- [Extracted records]:
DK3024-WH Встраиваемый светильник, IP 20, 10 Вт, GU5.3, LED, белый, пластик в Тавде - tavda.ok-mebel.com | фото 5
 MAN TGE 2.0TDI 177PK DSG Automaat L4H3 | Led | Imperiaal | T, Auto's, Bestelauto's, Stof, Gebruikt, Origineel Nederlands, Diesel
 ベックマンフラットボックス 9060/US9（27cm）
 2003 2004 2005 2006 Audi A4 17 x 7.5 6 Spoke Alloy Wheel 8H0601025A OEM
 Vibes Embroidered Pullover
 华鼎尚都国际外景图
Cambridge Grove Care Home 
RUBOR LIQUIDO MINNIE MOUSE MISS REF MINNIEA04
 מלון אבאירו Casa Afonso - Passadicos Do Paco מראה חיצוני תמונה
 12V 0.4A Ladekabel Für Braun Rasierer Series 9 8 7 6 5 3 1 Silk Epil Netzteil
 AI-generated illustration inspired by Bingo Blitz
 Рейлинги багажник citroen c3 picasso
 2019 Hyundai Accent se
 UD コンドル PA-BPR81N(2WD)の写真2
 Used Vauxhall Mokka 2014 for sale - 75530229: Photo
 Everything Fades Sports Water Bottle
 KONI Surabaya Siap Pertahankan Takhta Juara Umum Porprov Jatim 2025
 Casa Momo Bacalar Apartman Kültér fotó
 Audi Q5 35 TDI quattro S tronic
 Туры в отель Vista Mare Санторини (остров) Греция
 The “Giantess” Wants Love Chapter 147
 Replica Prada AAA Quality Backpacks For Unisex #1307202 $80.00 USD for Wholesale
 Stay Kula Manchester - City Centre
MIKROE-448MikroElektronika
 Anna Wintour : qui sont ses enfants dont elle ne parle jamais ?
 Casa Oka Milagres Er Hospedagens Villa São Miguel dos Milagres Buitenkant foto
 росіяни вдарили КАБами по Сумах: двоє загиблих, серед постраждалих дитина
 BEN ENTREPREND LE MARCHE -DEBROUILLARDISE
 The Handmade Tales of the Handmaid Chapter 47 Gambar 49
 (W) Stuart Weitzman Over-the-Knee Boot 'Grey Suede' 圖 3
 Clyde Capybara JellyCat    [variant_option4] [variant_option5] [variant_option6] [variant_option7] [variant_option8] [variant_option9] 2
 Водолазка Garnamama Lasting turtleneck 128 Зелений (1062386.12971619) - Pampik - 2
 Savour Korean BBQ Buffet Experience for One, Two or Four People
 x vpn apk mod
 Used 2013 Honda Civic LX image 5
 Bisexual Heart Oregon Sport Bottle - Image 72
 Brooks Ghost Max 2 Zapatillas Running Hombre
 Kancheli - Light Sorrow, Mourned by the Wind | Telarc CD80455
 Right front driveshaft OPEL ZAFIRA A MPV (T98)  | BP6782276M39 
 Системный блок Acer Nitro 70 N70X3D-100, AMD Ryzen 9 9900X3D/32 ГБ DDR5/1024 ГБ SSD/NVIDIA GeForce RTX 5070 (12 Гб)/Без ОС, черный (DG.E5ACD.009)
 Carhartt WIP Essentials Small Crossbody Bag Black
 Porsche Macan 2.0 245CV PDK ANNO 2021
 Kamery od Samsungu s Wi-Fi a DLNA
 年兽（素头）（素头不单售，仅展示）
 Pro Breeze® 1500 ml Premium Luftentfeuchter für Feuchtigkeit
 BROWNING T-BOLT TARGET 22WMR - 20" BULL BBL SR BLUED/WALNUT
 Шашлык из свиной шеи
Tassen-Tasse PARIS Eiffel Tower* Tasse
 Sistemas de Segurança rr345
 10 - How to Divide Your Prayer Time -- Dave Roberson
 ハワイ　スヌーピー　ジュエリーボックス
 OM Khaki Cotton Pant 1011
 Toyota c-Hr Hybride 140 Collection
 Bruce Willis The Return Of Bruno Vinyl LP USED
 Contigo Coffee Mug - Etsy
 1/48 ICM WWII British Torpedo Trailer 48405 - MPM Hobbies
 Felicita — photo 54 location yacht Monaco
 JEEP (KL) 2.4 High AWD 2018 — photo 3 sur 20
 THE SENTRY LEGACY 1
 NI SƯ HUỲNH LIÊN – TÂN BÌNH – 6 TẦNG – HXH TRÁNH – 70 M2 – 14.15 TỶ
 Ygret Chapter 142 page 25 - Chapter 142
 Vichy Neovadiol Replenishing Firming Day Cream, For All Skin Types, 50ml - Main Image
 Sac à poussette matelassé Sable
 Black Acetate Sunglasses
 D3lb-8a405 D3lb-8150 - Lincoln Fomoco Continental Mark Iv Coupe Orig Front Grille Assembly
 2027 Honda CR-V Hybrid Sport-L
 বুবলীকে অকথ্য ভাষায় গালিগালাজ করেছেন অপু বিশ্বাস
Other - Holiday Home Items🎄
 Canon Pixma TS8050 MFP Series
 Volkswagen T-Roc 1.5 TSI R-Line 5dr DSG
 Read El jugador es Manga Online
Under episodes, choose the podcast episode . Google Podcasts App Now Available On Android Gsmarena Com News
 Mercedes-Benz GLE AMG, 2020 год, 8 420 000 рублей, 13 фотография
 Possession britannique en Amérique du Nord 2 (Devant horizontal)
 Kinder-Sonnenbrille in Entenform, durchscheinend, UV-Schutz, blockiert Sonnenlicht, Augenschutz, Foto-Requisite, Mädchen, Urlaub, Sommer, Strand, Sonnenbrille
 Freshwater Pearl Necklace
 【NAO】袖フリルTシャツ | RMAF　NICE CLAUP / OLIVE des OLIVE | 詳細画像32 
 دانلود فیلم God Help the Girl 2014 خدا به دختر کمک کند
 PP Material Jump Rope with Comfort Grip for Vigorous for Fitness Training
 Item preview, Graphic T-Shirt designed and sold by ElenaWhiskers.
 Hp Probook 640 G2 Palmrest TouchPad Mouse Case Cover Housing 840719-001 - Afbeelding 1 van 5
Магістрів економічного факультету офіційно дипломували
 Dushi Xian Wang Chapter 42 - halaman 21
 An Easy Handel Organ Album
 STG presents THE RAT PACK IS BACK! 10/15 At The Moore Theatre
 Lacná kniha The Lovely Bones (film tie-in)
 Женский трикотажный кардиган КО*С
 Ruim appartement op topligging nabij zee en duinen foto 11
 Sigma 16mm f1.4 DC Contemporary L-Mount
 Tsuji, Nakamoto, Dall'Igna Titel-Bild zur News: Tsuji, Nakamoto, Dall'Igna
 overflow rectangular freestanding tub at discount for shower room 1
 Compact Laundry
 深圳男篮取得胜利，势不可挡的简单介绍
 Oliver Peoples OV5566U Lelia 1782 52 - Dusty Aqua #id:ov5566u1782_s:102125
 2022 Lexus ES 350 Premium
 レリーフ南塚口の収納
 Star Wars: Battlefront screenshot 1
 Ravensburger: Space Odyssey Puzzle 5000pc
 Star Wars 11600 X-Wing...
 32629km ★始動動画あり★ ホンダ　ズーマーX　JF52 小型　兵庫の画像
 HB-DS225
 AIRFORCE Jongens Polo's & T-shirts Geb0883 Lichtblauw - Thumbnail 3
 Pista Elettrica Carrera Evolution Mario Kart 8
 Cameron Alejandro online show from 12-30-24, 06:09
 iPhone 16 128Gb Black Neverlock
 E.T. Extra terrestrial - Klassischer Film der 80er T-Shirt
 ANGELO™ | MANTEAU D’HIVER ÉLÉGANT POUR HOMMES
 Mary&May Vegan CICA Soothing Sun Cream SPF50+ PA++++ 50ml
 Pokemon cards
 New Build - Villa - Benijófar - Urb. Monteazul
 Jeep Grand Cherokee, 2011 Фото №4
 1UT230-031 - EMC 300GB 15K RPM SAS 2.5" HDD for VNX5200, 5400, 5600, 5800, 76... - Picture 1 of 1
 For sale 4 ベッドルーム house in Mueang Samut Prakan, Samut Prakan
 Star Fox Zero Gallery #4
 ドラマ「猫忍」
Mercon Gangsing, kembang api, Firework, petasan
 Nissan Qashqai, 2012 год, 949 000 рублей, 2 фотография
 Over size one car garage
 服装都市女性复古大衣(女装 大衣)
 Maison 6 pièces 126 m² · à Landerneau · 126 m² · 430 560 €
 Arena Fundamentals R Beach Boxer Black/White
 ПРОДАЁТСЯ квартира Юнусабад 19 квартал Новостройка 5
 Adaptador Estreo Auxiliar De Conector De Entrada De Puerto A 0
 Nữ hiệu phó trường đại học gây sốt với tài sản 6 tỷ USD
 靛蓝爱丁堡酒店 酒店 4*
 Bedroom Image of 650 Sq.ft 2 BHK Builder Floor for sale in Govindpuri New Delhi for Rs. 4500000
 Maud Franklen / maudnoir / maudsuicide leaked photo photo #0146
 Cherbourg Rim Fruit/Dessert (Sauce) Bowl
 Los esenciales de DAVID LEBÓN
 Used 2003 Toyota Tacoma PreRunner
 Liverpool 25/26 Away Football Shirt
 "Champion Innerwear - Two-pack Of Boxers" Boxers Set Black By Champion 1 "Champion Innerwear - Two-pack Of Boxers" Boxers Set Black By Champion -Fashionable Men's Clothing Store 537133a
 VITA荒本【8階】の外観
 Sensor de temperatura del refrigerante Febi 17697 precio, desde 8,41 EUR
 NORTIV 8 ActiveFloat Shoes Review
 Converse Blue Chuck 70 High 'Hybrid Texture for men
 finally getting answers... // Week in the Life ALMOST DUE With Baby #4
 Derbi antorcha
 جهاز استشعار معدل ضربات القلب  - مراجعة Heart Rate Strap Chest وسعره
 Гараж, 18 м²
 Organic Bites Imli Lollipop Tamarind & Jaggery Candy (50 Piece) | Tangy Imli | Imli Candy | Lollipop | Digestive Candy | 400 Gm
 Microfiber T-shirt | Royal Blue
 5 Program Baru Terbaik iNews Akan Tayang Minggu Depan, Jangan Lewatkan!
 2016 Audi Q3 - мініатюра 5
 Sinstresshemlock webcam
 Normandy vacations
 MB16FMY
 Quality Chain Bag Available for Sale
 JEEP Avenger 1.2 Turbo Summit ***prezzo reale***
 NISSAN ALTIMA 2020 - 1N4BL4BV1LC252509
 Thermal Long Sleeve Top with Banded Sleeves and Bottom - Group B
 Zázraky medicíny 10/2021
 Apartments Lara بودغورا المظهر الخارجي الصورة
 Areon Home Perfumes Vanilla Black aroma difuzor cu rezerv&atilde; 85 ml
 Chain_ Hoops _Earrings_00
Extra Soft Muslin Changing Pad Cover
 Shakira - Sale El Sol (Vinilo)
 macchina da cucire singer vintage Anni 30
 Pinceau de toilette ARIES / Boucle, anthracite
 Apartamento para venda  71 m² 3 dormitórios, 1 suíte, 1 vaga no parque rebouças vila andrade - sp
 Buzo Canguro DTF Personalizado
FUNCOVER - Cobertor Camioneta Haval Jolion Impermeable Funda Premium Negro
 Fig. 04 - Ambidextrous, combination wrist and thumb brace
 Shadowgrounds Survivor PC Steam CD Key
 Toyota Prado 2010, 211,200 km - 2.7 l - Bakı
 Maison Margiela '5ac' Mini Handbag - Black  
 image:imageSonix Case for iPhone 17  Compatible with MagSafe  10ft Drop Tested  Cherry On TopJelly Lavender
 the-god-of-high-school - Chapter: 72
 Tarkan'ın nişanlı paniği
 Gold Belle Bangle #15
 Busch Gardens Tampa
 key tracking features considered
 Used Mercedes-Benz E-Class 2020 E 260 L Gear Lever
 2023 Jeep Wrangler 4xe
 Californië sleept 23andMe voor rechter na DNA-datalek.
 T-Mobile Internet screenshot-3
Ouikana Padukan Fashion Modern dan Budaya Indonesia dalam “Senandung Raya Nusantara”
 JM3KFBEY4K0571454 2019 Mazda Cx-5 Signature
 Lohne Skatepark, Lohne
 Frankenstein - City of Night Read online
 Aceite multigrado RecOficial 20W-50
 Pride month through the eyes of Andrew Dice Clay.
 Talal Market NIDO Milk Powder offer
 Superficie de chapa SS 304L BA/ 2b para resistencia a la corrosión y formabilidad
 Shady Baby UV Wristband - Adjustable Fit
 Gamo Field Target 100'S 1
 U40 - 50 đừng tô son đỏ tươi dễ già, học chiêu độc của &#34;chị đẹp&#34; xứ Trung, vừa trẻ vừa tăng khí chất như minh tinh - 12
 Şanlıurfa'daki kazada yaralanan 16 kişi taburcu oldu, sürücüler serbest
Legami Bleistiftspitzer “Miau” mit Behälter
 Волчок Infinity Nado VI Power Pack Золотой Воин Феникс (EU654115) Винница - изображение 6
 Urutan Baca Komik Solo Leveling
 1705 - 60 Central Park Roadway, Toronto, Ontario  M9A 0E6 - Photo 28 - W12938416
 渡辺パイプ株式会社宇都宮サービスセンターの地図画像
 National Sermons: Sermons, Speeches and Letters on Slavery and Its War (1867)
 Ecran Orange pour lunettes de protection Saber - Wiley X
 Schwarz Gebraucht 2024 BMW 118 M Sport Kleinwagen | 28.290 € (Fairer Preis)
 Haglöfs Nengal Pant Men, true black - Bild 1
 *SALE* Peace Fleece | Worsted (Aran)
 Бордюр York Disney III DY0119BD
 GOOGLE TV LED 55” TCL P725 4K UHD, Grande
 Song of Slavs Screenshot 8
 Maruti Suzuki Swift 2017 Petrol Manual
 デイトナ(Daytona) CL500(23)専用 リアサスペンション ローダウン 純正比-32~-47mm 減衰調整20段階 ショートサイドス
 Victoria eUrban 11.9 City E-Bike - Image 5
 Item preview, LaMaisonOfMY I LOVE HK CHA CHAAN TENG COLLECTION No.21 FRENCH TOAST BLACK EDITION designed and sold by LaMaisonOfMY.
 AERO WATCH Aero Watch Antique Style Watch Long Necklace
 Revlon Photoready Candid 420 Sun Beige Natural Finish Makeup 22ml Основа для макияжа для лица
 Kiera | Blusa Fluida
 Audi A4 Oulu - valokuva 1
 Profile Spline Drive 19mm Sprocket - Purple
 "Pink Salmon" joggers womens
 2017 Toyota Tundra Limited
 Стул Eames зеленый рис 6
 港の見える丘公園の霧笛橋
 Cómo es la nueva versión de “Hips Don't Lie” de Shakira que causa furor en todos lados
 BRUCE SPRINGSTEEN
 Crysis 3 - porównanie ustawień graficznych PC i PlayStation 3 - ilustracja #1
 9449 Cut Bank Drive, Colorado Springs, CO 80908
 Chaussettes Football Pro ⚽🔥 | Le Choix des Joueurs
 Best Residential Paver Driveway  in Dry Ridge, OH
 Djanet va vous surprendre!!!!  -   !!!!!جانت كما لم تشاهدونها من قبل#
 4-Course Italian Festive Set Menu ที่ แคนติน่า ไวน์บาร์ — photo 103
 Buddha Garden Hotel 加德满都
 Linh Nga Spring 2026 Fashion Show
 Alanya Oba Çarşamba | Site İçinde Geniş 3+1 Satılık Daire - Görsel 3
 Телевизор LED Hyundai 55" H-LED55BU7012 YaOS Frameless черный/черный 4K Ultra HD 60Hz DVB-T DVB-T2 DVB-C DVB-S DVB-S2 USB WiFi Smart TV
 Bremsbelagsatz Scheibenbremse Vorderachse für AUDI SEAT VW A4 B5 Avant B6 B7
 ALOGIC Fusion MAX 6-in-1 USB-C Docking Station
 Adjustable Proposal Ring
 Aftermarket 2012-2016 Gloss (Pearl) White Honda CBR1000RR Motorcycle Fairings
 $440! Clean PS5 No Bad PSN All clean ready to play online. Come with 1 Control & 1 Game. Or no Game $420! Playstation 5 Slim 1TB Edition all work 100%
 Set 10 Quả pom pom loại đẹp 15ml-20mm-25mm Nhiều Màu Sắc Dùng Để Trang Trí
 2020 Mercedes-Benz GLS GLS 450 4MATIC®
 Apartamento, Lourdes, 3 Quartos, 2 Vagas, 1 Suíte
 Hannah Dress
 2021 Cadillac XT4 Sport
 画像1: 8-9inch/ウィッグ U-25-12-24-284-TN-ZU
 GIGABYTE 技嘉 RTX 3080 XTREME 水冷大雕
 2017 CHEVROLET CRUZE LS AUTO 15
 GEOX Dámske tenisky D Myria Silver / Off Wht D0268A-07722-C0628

- [What is expected]: Output the lines of the records above exactly as they appear, from the line containing "Anna Wintour : qui" through the line containing "BEN ENTREPREND LE MARCHE -DEBROUILLARDISE".

- [Solution below]:
 Anna Wintour : qui sont ses enfants dont elle ne parle jamais ?
 Casa Oka Milagres Er Hospedagens Villa São Miguel dos Milagres Buitenkant foto
 росіяни вдарили КАБами по Сумах: двоє загиблих, серед постраждалих дитина
 BEN ENTREPREND LE MARCHE -DEBROUILLARDISE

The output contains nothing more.